SOURCE RECORDS:

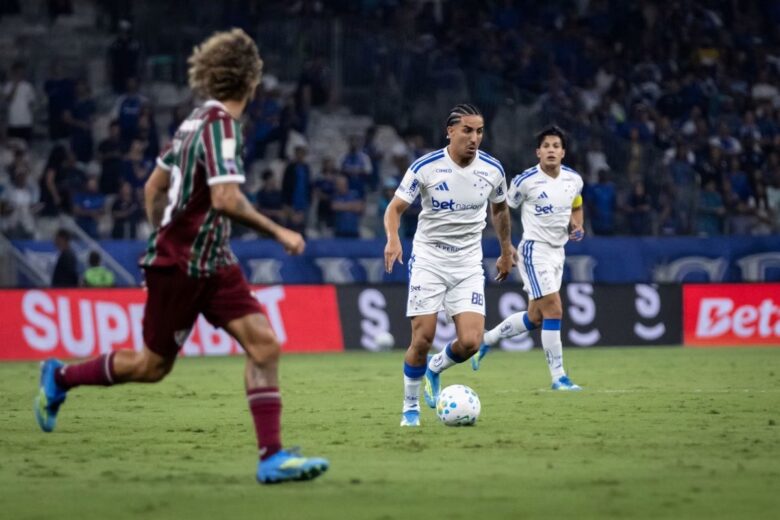 Cruzeiro empata com o Fluminense no Mineirão e fecha primeiro semestre em 11º lugar no Brasileirão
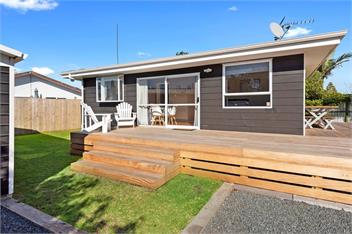 The Black Bach (Bachcare) - Mt Maunganui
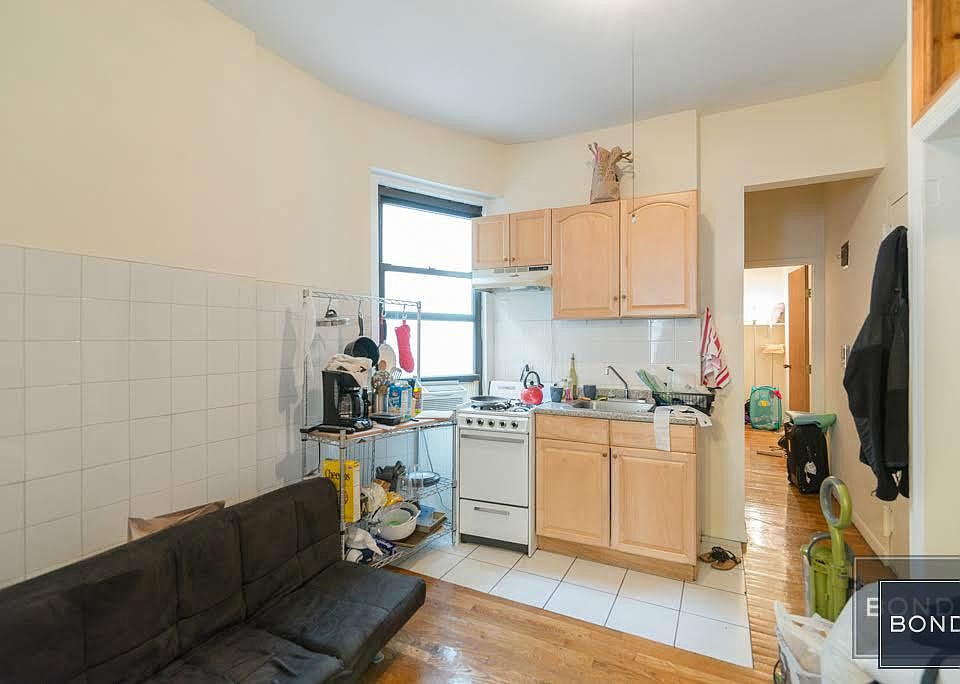 2nd image of 17 Saint Marks Pl APT 018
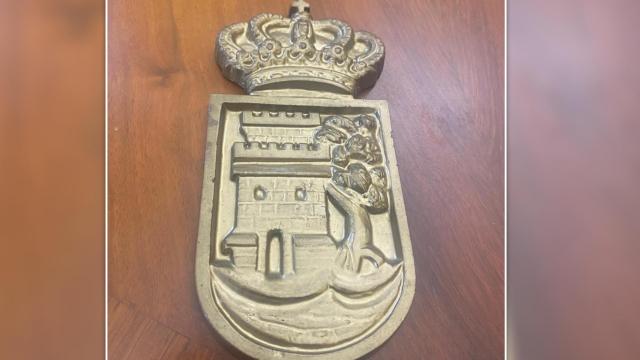 El escudo del Concello de Vigo que estaba en una papelera de Palencia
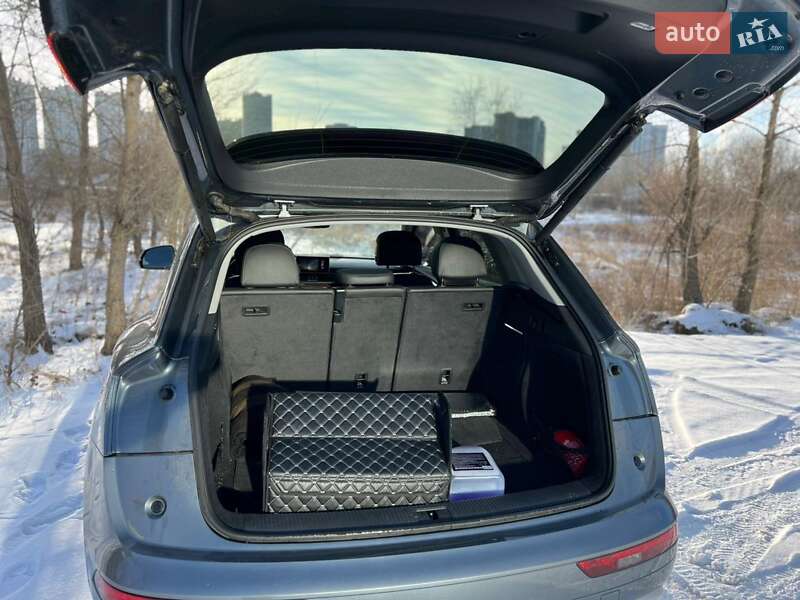 Позашляховик / Кросовер Audi Q5 2017 в Києві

EXERCISE GOAL: Print the records above exactly as they stand, but leave out the pictures.

RESULT:
 Cruzeiro empata com o Fluminense no Mineirão e fecha primeiro semestre em 11º lugar no Brasileirão
 The Black Bach (Bachcare) - Mt Maunganui
 2nd image of 17 Saint Marks Pl APT 018
 El escudo del Concello de Vigo que estaba en una papelera de Palencia
 Позашляховик / Кросовер Audi Q5 2017 в Києві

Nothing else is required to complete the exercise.